Namun demikian, adanya petani plasma yang dulunya ikut transmigrasi sukses di Riau, tidak mampu menarik masyarakat di Jawa untuk mengadu nasib di Riau ketika sistem perpindahan masyarakat itu masih diterapkan.
"Ada juga yang tidak mau saat itu, meski ada yang sudah menuai hasilnya. Hal ini terjadi karena ketidaksabaran dan ingin memperoleh hasil cepat," sambung Nasib Wiyono, selaku Ketua KUD tersebut.
Dia juga mendapat kaplingan yang sama dengan Zainal dan bisa merubah nasibnya dari seorang pemulung menjadi petani sawit sukses.
"Saya itu dulu pemulung di Jogja. Begitu ada transmigrasi saya beranikan ikut. Memang butuh kesabaran. Ada yang ikut dan pulang kembali ke tanah asalnya dan jadi pemulung lagi, lahan kaplingannya dijual," kata Nasib.
Menjadi ketua KUD, nasih mengelola sekitar 920 hektar lahan yang dimiliki 460 kepala keluarga. Melalui KUD ini, dia juga menyalurkan bantuan kepada anggota untuk membangun usaha lainnya.

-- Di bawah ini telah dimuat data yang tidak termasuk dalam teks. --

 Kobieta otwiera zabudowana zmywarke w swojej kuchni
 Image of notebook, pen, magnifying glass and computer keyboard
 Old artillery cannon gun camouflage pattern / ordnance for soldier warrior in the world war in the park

"Petani sawit di sini juga ada yang beternak sapi dan lainnya. KUD ini sendiri merupakan salah satu binaan Asian Agri dari 12 kelompok tani yang ada di sini," kata Nasib.
Jatuh Bangun Transmigran
Menurut Nasib, banyak penduduk transmigrasi yang dulu susah hidup di lahan kaplingan dan hanya punya rumah seperti gubuk, sekarang sudah punya rumah mewah dan berkendaraan motor.

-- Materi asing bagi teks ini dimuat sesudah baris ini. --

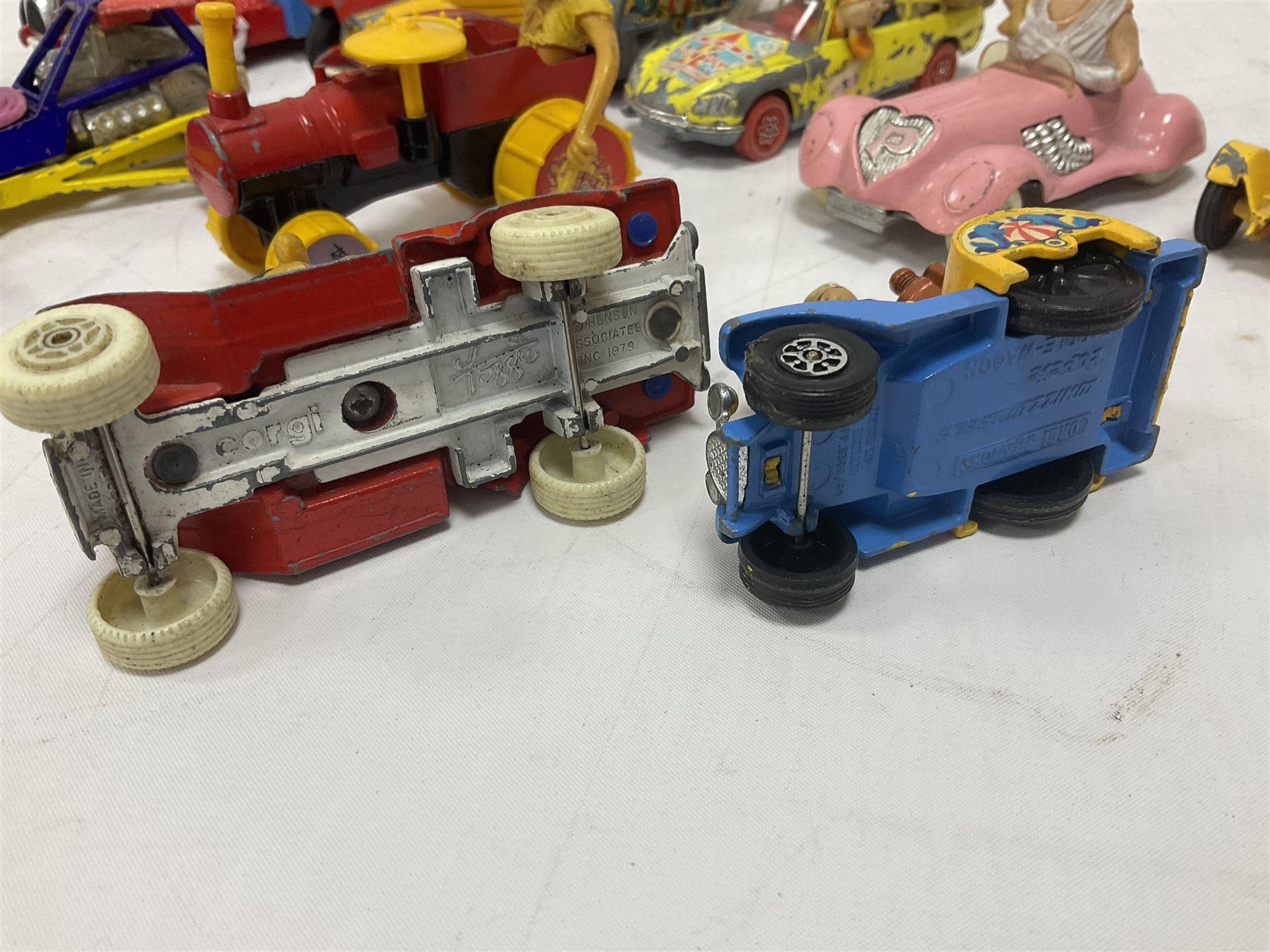 Corgi - ten unboxed and playworn TV/Film related die-cast models including three Popeye Paddle Wagons; Dick Dastardly; Magic Roundabout; Muppets; Batman Penguinmobile; and Basil Brush (10)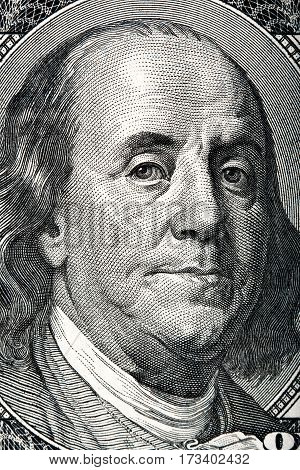 Portrait of Benjamin Franklin on the hundred dollar bill.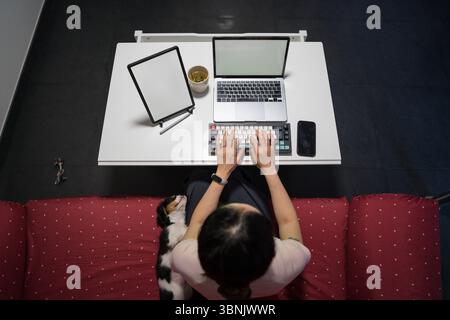 An Asian woman works remotely from home on her laptop, multitasking efficiently while taking care of her adorable puppy sitting beside her on the couc Stock Photo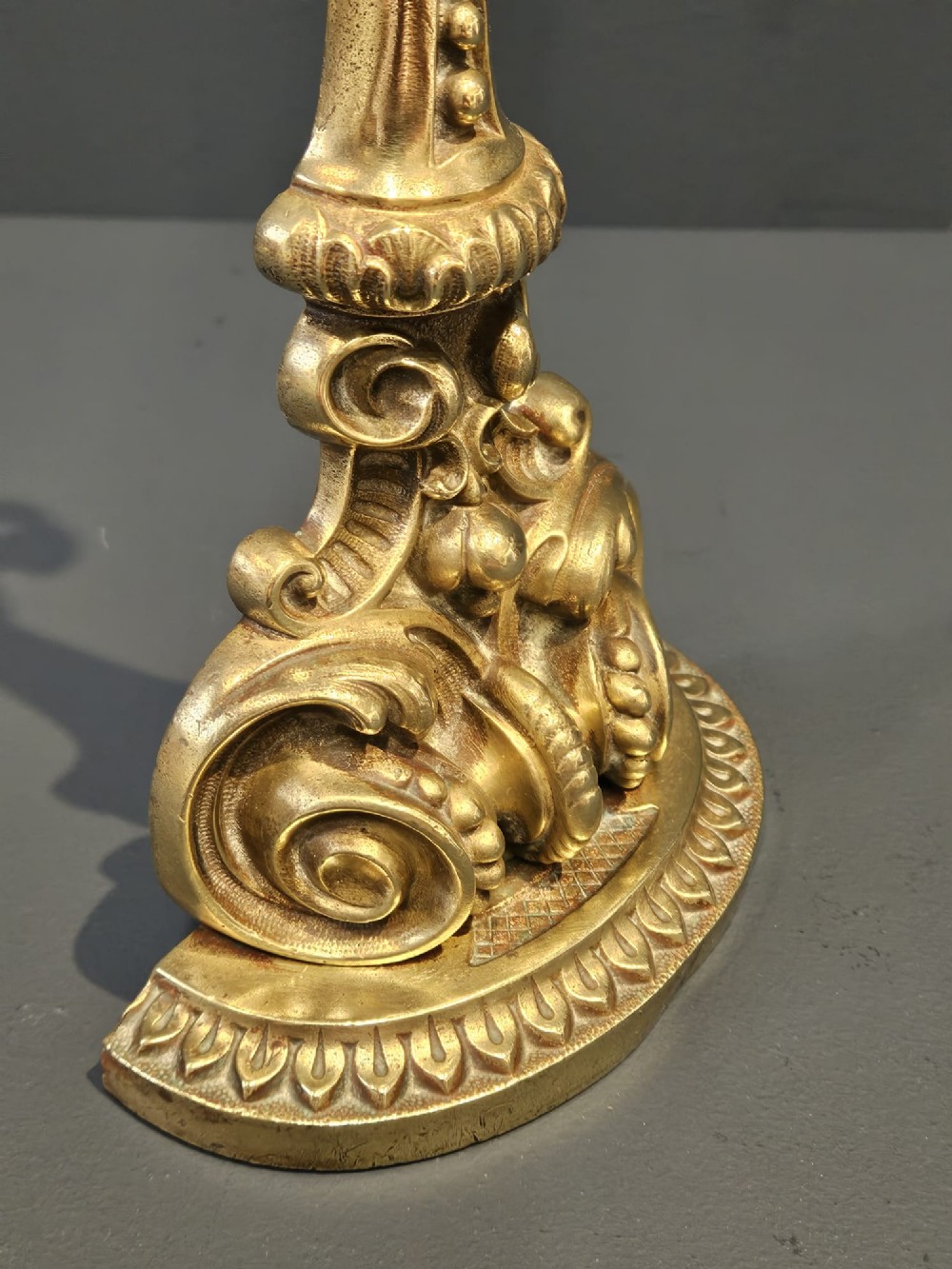An ornate Victorian cast brass door stop featuring a top ring handle, a tapered column with scrollwork, and a weighted semi-circular base. View II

Dia menyebutkan, keberhasilan ini merupakan buah dari kesabaran yang dipupuk sejak puluhan tahun lalu. Tanpa menyerah, pulang kampung dan menjual lahan, penduduk transmigran yang bertahan menjalankan kerjasama pengelolaan sawit dengan perusahaan melalui KUD.

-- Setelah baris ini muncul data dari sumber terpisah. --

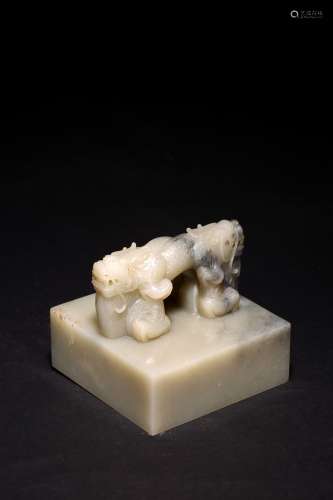 A CHINESE CELADON JADE CARVED 'DRAGON' SEAL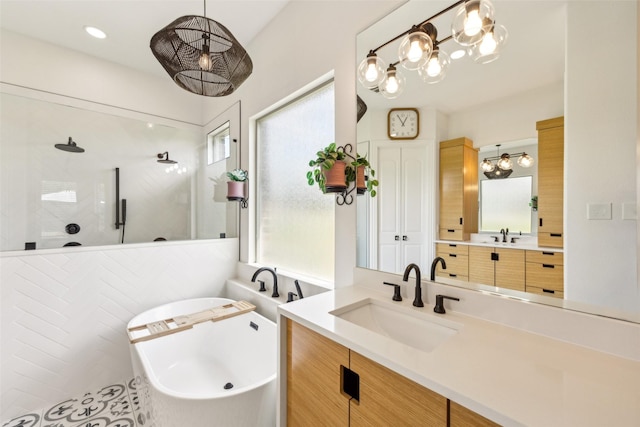 5900 Stage Coach Cir, Westlake, TX 76262 - bathroom featuring a walk in shower, a freestanding tub, two vanities, and a chandelier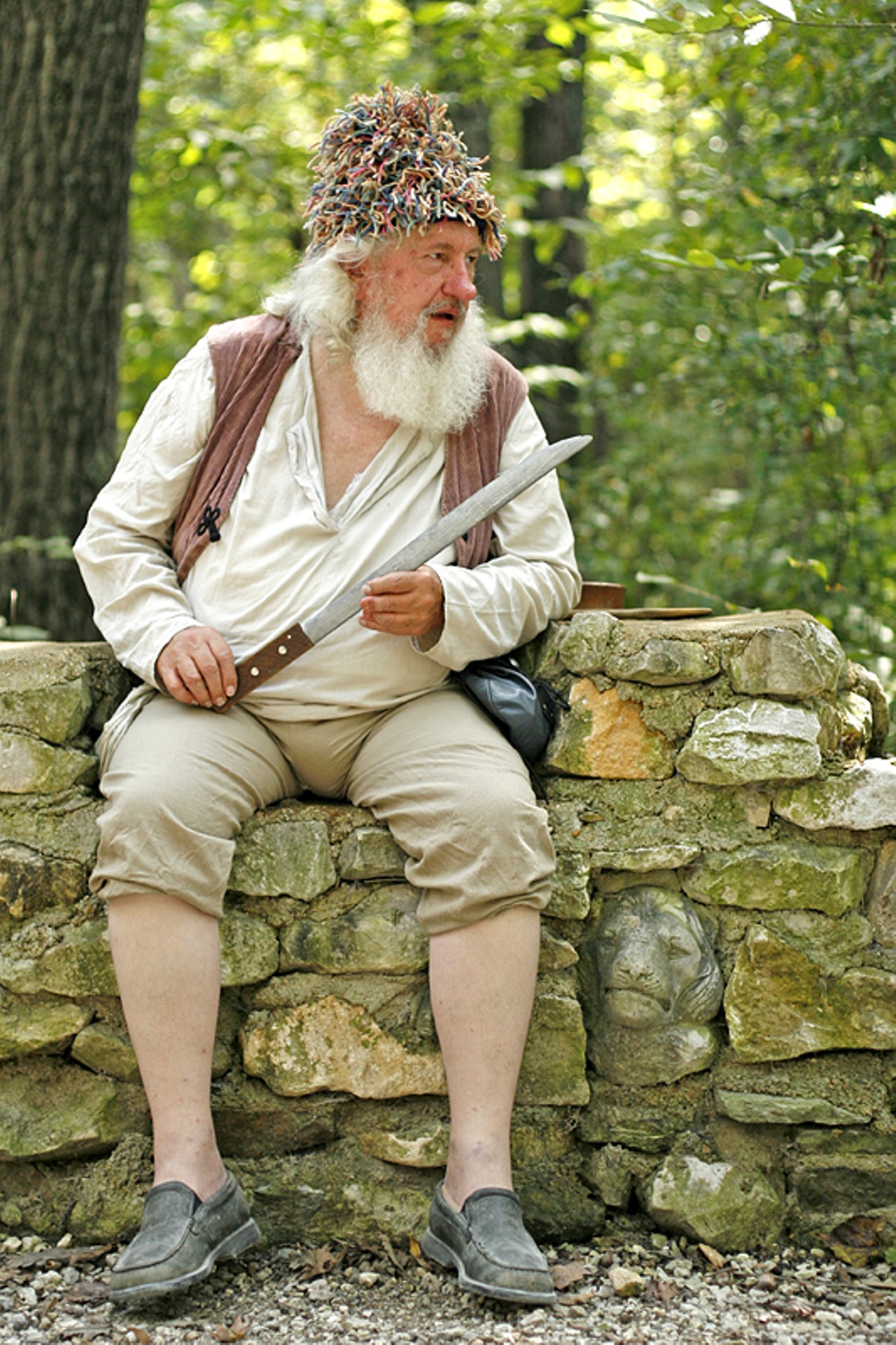 John Rochard, carpenter of the pirate ship, sits on a rock wall watching out for the "real" pirates, or the English men. "We're just honest working men trying to make a living," Rochard said in his defense.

"Ya inilah hasilnya yang diraih sekarang," katanya.
Meski keberhasilan ini juga tak bisa menarik peminat masyarakat di Jawa untuk bertransmigrasi, Nasib menyebut ada juga orang yang tertarik kala itu. Bahkan ada beberapa warga yang suka bertansmigran ke Sumatera dan Kalimantan beberapa kali.
"Begitu menyesal karena menjual lahan di Sumatera, ada peserta transmigran yang mencari ke Kalimantan. Bahkan di sini, ada satu keluarga dan bahkan sudah menjadi satu RT bertransmigrasi dan sukses," katanya.
Saat ini, rata-rata kebun plasma milik KUS sudah berusia tua. Perusahaan tengah menyiapkan rencana replanting atau penanaman kembali supaya masyarakat bisa cepat memanen.
"Kita bawa sekitar 900 orang anggota kelompok tani ke Joga untuk belajar. Kemudian, perusahaan melalui KUD juga menyalurkan bibit unggul agar sawit cepat berbuah," kata pihak perusahaan, Swester Ginting.
"Anggota KUD juga diajarkan berusaha yang lain selama replanting berlangsung supaya tidak kehilangan mata pencariannya. Kebun plasma sendiri ada sekitar 10.000 hektar. Itu diluar kebun inti perusahaan seluas 5.000 hektar," kata Swester.